Evidence of recent LINE activity, in the form of bimorphic LINE insertions, is a difficult problem to represent in genome assemblies because the shorter allele (lacking the LINE) is preferentially selected for the final assembly. This is exemplified in the CanFam1 assembly. A BAC clone (GenBank accession no. AC147784.3) from the same dog that was sequenced for CanFam1, contains a full-length L1_Y_Cf (bases 83,981-90,278) with two uninterrupted ORFs. However, although the BAC sequence is represented in CanFam1 (chr29, bases 36,992,169-37,155,933), the LINE is absent. Analysis of the raw sequence reads (from the Trace Archive) that cover the insertion site reveals two alleles in which the element is either absent (e.g., accession nos. 294,160,392 and 285,880,943) or present (e.g., accession nos. 290,601,686 and 237,812,340). This is clearly an example of a bimorphic LINE insertion. We have begun to examine this phenomenon in more detail by using the 3′-ends of LINEs (plus unique flanking sequence) from the poodle genome sequence. When searched against CanFam1, alignments that span the flanking sequence, but not the LINE sequence, indicate potential bimorphic insertions of LINEs. Our preliminary analysis suggests that there are more than a hundred of such candidate regions that can now be tested by amplification of the regions from multiple dog genomes.

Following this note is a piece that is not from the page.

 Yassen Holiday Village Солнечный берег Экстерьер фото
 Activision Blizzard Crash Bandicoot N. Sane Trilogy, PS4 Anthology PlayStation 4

The analysis of LINEs in the dog genome has revealed examples of intact elements that are potentially active, and evidence for a higher level of recent activity than in the human genome. It is therefore possible that increased LINE activity has contributed to the relatively high frequency of bimorphic SINE insertions in the canine genome.

Evidence for SINE-mediated transduction of 3′-flanking sequences

When transcription of a retrotransposon fails to terminate at the end of the element, the additional downstream genomic sequence that is transcribed can be mobilized to a new genomic location along with the element. This mechanism of transduction is thought to occur during retrotransposition of LINE-1 elements when the normal polyadenylation signal is bypassed in favor of a second, downstream signal (Goodier et al. 2000; Pickeral et al. 2000). However, transduction of 3′-flanking sequences by SINEs has not been described previously. Analysis of flanking sequences and target site duplications for SINEC_Cf elements in the dog genome revealed several examples of short genomic segments (60-120 bp) that appear to have been transduced during retrotransposition of SINEC_Cfs (Supplemental Table S2). These examples include a short segment of Chromosome 8 that is replicated downstream of a SINEC_Cf at eight other genomic locations. They also include a bimorphic insertion, where a SINE appears to have transposed a short segment from Chromosome 13 to Chromosome 1 of the boxer genome, although the latter locus lacks both elements in the sequenced poodle genome. The genomic variability that results from bimorphic insertions of SINEs may therefore extend to additional flanking sequences for some active SINEC_Cfs. Although the mechanism for these putative transduction events remains to be explored, the sequences are consistent with transcription of active SINEC_Cf repeats through their 3′-flanking sequences, with polyadenylation at downstream cleavage sites.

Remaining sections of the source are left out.